How transpersonal psychology emerged and developed

The theory of the vast possibilities of altered states of mind emerged in the late 1960s in the U.S., spun off from humanistic psychology. In that era it was very popular to master the eastern spiritual practices, the study of psychotropic substances and other forms of influence on the mind.

The greatest influence on transpersonal psychology was the ideas of Swiss and American psychologists Carl Gustav Jung and William James, as well as the Austrian psychoanalyst Otto Rank.

The transpersonalists borrowed the idea of the archetypes of the collective unconscious from Jung. In addition, Carl Gustav himself was interested in the paranormal and religious experience, and believed that spiritual experiences could not be reduced to a rational explanation.

Another forerunner of transpersonal psychology, the aforementioned William James, wrote the book The Variety of Religious Experience, which saw the light of day in 1902. In it the author gave numerous examples of atypical spiritual experiences – mystical visions, personality transformations after conversion, practices of asceticism and self-abasement – and called for research into their impact on the individual. It was James who coined the term “transpersonal.

Otto Rank, who, like Jung, was a disciple of Sigmund Freud, was the first to propose the idea that at birth a person receives the first psychic trauma of his life.

The founders of transpersonal psychology are considered to be Abraham Maslow and Andrew Seutich. They were joined by a number of other psychologists who later began to develop the new direction: Stanislav Grof, James Fadiman, Miles Wich and Sonia Margulies.

Maslow became the originator of the doctrine of personal self-actualization – the desire to understand one’s abilities and reach their limits. To this end, the psychologist studied peak states of the psyche such as orgasm, sudden insights, ecstasy, expansion of consciousness. Maslow considered humanistic psychology as a transitional stage on the way to transpersonal, transhumanistic, that is, expanding the boundaries of the possible.

Another important milestone for the development of the transpersonal trend is the development of a model of levels of cognition by Ken Wilber, the creator of integral psychology.

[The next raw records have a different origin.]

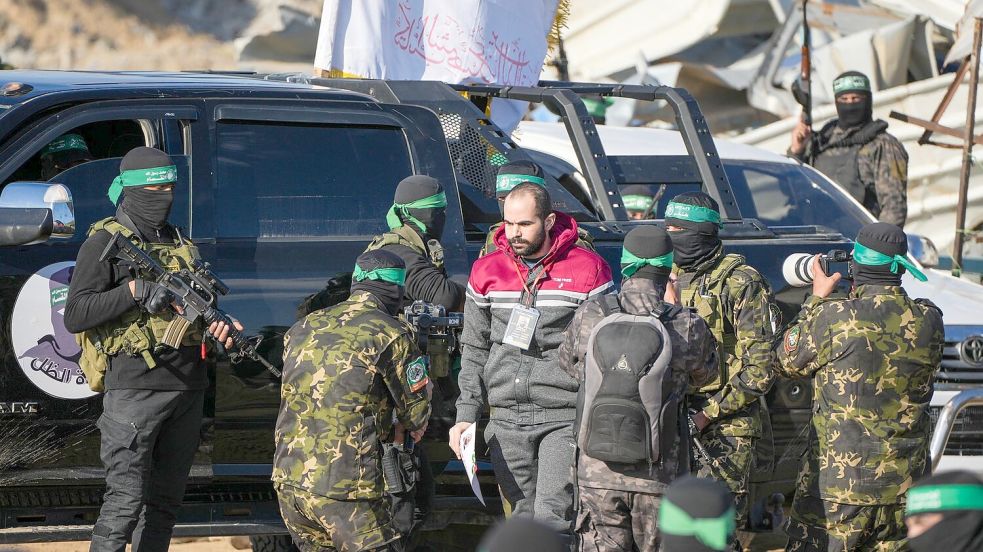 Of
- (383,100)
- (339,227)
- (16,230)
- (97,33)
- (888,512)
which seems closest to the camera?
(16,230)

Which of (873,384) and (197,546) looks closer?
(873,384)

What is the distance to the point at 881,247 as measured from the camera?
5.30 metres

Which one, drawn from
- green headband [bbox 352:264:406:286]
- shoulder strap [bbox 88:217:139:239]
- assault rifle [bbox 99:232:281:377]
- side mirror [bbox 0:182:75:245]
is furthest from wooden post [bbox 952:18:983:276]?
side mirror [bbox 0:182:75:245]

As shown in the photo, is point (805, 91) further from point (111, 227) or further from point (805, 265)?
point (111, 227)

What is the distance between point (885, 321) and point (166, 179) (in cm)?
285

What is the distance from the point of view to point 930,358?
5316 millimetres

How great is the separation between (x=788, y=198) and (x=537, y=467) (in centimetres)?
411

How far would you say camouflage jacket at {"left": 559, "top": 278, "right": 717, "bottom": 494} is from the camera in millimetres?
4750

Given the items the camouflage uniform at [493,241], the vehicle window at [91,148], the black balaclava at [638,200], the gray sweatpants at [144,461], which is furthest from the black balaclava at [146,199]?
the black balaclava at [638,200]

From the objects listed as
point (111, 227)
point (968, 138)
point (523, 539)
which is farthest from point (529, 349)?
point (968, 138)

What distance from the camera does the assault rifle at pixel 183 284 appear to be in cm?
512

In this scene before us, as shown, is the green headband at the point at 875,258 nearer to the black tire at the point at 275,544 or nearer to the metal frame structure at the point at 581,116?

According to Wilber, the human mind exists on three levels: pre-personal (unconscious), personal and suprapersonal (transpersonal). According to this model, without dealing with one’s unconscious, one cannot reach the personal level, and without working through this stage, in turn, one cannot reach the transpersonal.

The most famous figure in transpersonal psychology is considered to be the Czech-American Stanislav Grof. He put forward the hypothesis that neuroses, psychoses and most other mental disorders are only personality and spiritual crises. The fact that a person cannot cope with them independently, according to Grof, does not make them illnesses.

Already in the 1980s some researchers were calling transpersonal psychology a marginal discipline. However, in 1996 the British Psychological Society opened a branch of transpersonal psychology, which was a sign of its limited academic recognition.

Today there are many different approaches in the field, such as psychosynthesis, transpersonal therapy, self-analysis and others. At the moment, however, transpersonal psychology is not recognized by much of the academic community.